____ INPUT MATERIAL
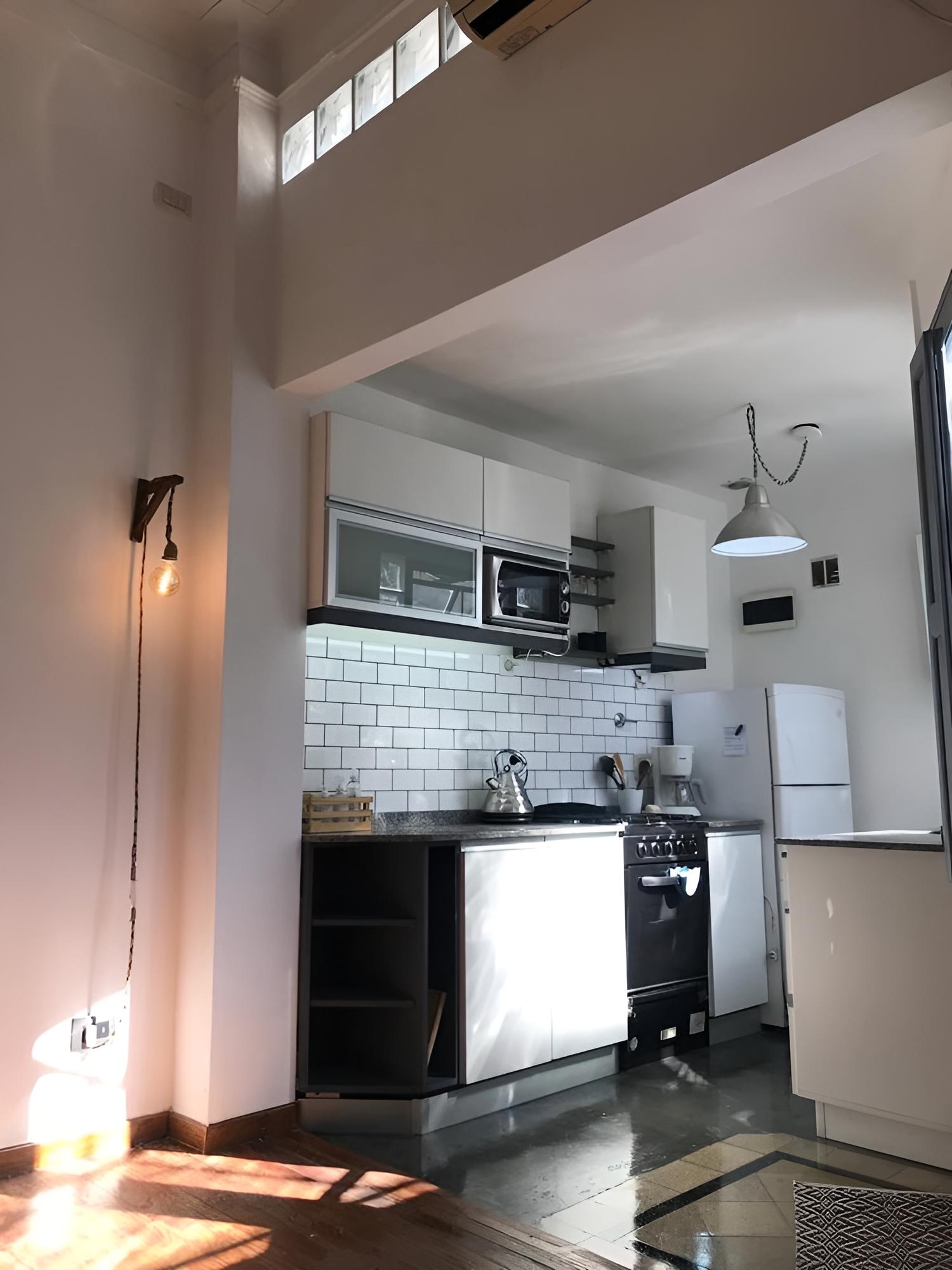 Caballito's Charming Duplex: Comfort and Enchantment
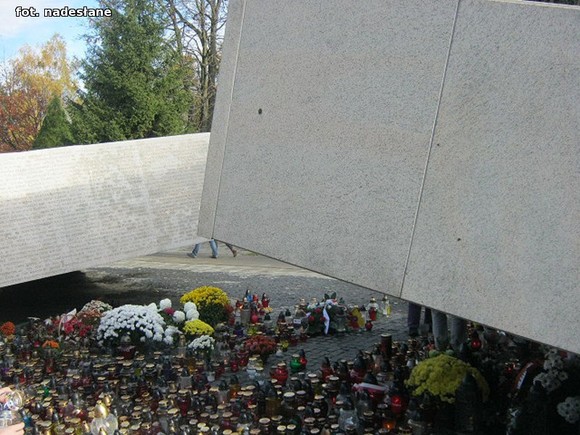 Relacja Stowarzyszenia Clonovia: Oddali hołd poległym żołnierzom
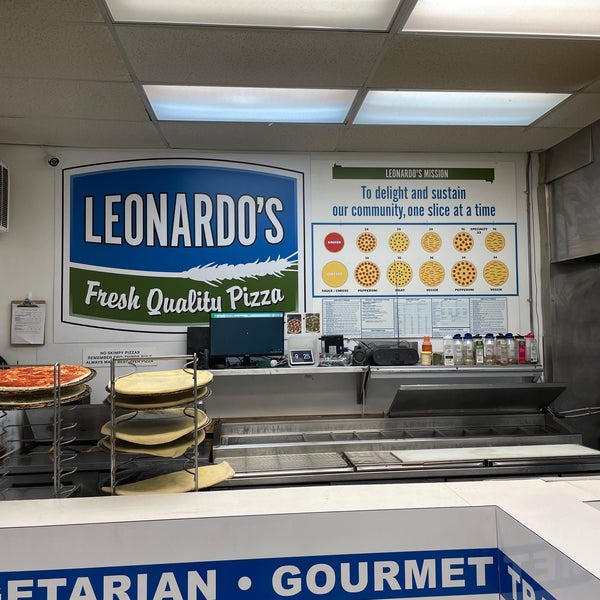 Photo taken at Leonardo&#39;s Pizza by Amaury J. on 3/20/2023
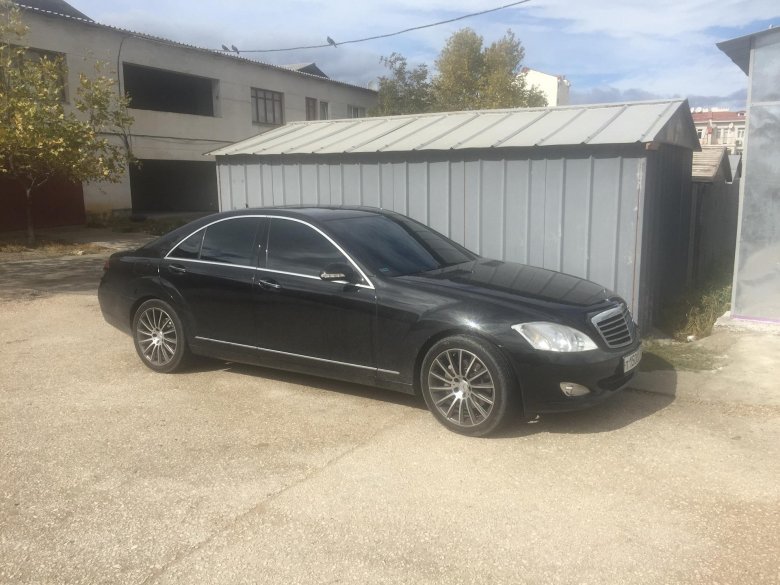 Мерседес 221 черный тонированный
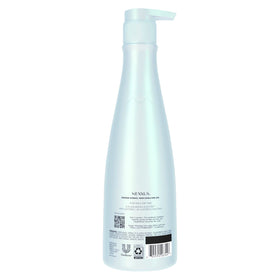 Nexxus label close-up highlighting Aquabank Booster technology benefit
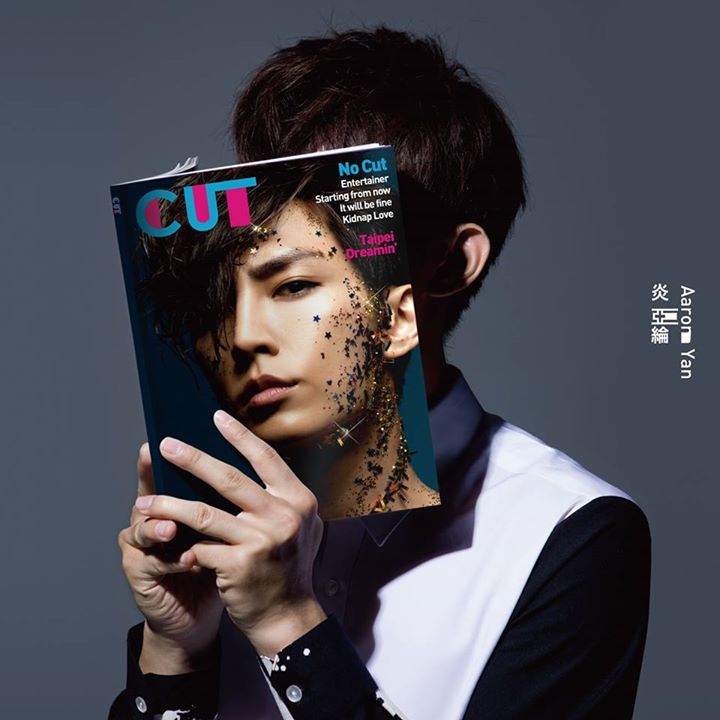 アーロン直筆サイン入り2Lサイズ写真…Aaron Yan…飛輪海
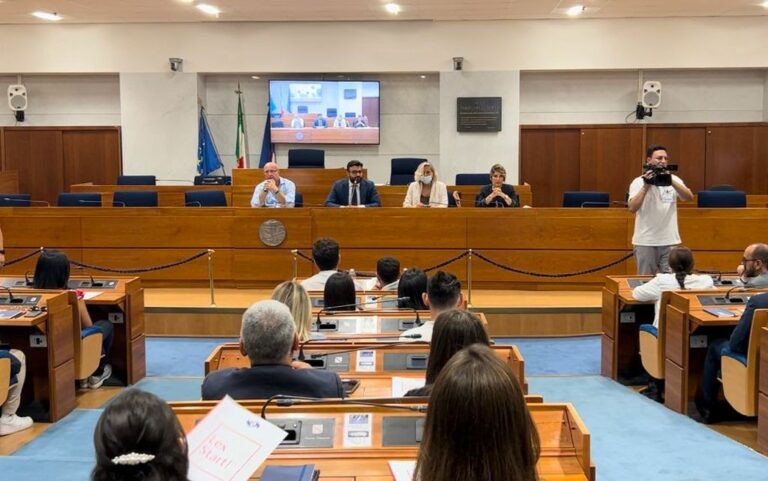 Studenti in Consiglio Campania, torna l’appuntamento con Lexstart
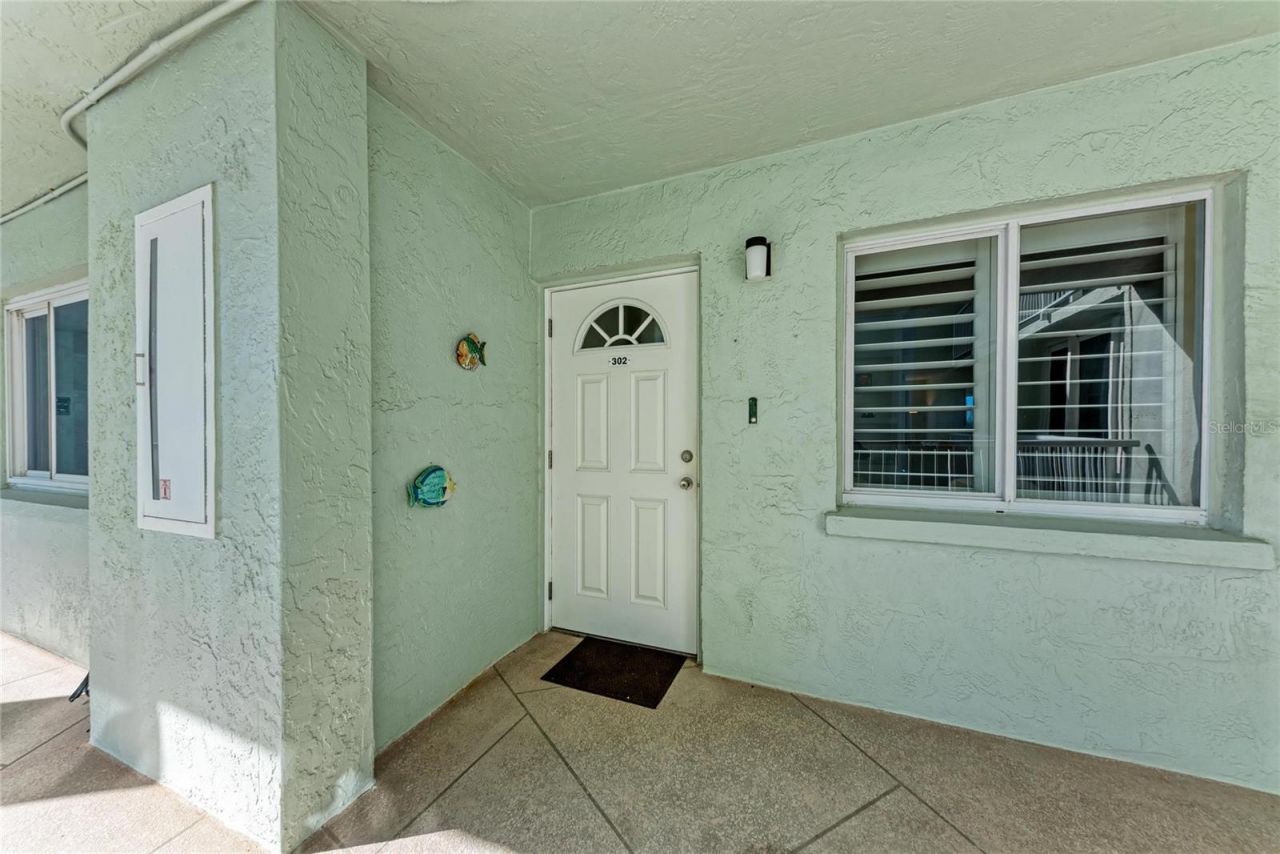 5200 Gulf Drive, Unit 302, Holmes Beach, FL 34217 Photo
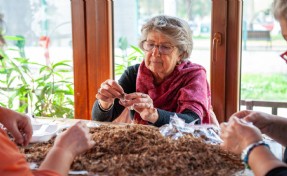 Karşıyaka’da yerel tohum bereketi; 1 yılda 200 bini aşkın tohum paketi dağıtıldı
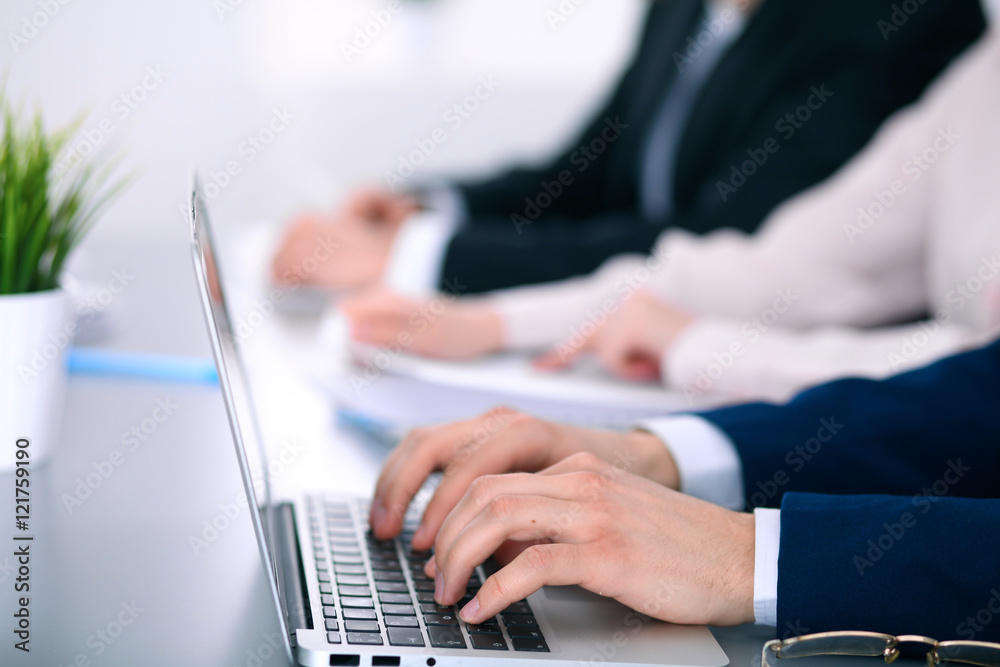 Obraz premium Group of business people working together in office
________
TASK REQUIREMENTS:
Every entry must be reproduced exactly, with the images left out.

PROBLEM SOLUTION:
 Caballito's Charming Duplex: Comfort and Enchantment
 Relacja Stowarzyszenia Clonovia: Oddali hołd poległym żołnierzom
 Photo taken at Leonardo&#39;s Pizza by Amaury J. on 3/20/2023
 Мерседес 221 черный тонированный
 Nexxus label close-up highlighting Aquabank Booster technology benefit
 アーロン直筆サイン入り2Lサイズ写真…Aaron Yan…飛輪海
 Studenti in Consiglio Campania, torna l’appuntamento con Lexstart
 5200 Gulf Drive, Unit 302, Holmes Beach, FL 34217 Photo
 Karşıyaka’da yerel tohum bereketi; 1 yılda 200 bini aşkın tohum paketi dağıtıldı
 Obraz premium Group of business people working together in office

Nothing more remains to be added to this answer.